Here’s an example of how APIs can be useful to journalists when they need to combine two sets of data.
I recently spoke to Lincoln investigative journalism student Sean McGrath who had obtained some information via FOI that he needed to combine with other data to answer a question (sorry to be so cryptic).
He had spent 3 days cleaning up the data and manually adding postcodes to it. This seemed a good example where using an API might cut down your work considerably, and so in this post I explain how you make a start on the same problem in less than an hour using Excel, Google Refine and the Google Maps API.
Step 1: Get the data in the right format to work with an API
APIs can do all sorts of things, but one of the things they do which is particularly useful for journalists is answer questions.
If we give the Google Maps API an address, for example, it will give us all sorts of information in return, such as latitude and longitude, postcode, and so on (I’ll explain how to do this later in the post). That’s what we’re going to use here – but we might use other APIs or datasets instead.
Sean’s spreadsheet had one column for school names and another for its town or city – but we needed those details to be together so we had a complete ‘address’. In order to do that we needed to open the spreadsheet in Excel and create a new column that combined the two.
I created the new column on the left (column A) and typed the following into cell A3:
=CONCATENATE(B3, ", ", I3)
This copies the value in cell B3, puts a comma and space after it (“, “), and then copies whatever is in I3. In other words, it combines the two cells to create a full address.
To copy the formula down the whole spreadsheet for all the other rows I used my favourite ever shortcut: hold down CTRL and clicked on the + in the bottom right corner of that cell.
Now it’s ready to use in Google Refine.
Step 2: Using Google Refine to ask Google Maps API a question
Now open the spreadsheet in Google Refine.
In Refine click on the arrow at the top of column A (the one you created using =CONCATENATE) and select Edit Column > Add Column by fetching URLs
A new window will appear with a code box. Type this:
"http://maps.googleapis.com/maps/api/geocode/json?sensor=false&address=" + escape(value, "url")
That basically creates a URL by adding the address in column A (‘value’) to the Google Maps API URL. The URL itself is basically the spreadsheet ‘asking’ the Google Maps API to give it all the information it has about the address – it also asks it to provide that information in a format called JSON (note ‘json’ in the URL)
You can see all this being done in Google Refine’s own video:
Give your new column a name, and click OK. You’ll see that the new column contains a raft of code – JSON – about each school. This contains all that geographical information – but we still need to extract an address from that.*
Step 3: Using Google Refine to extract the address from the Google Maps data
Create a further column based on the one you’ve just created by clicking the arrow at the top and selecting Edit Column > Add Column based on this column
We need to write some more code. This took a bit of trial and error but here’s what I ended up with:
‘value’ is the value in the column we’re basing this new column on. parseJson looks through the JSON code. If you look in it you’ll see there’s a bit called ‘results’, and within that a bit called ‘formatted address’ which has what we need.
Now we have a new column with the full address – including postcode.
Step 4: Using Excel to split the address up again
We can now export this (Export is in the upper right corner of Google Refine) as a spreadsheet and open it up in Excel again.

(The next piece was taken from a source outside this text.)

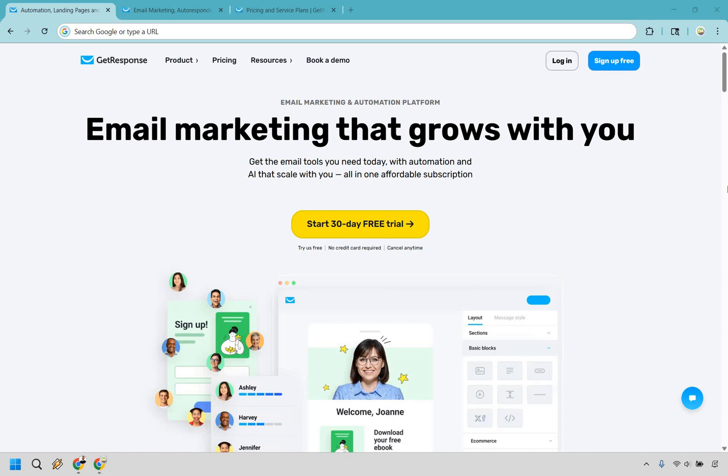Thanks for checking out my updated GetResponse review. Here I'm going to be going over some of the most powerful features, give you a little bit of a demo, and of course my thoughts about if you should use this email marketing software that grows with you. If you would like to find out and test them out yourself, you can click the link in the description or the pinned comment to try them for free today. Let's begin.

To split that address column into its parts select it and then select Data > Text to columns to split that address into separate items, with postcodes in their own. (There are other ways you could do this, for example extracting the last 5 characters of each cell instead).
Alternatively, you could get the postcode from the JSON directly, with a different line of code at Step 3 (if you work this out let me know) – or you could extract the lat/long as detailed in the video and use the Postcodes API at http://www.uk-postcodes.com/api.php to get the postcode from that. As always there are various ways to crack the nut.
Note: I haven’t ‘learned’ JSON or GREL or any other language in this – just done a bit of searching (it took around an hour) to find the code that I needed and adapted it with educated guesswork.
*Problems 1 and 2: not all addresses return results from Google Maps because we haven’t given it enough detail. Also, there’s a 2500 limit on ‘free’ calls to their API – and we have 5000+ records, so almost 2000 are returned ‘LIMIT EXCEEDED’. A possible solution to the latter would be to split this into 2 spreadsheets and then merge the results later. A possible solution to the former may be to find – or create by scraping – another dataset that has more address information (for example this one).
FROM THE COMMENTS: Chip Oglesby suggests some other workarounds, including doing it all in Refine and using the Yahoo Maps API for half of the calls.
UPDATE: Tony Hirst follows on from this and finds other solutions to some of the problems outlined.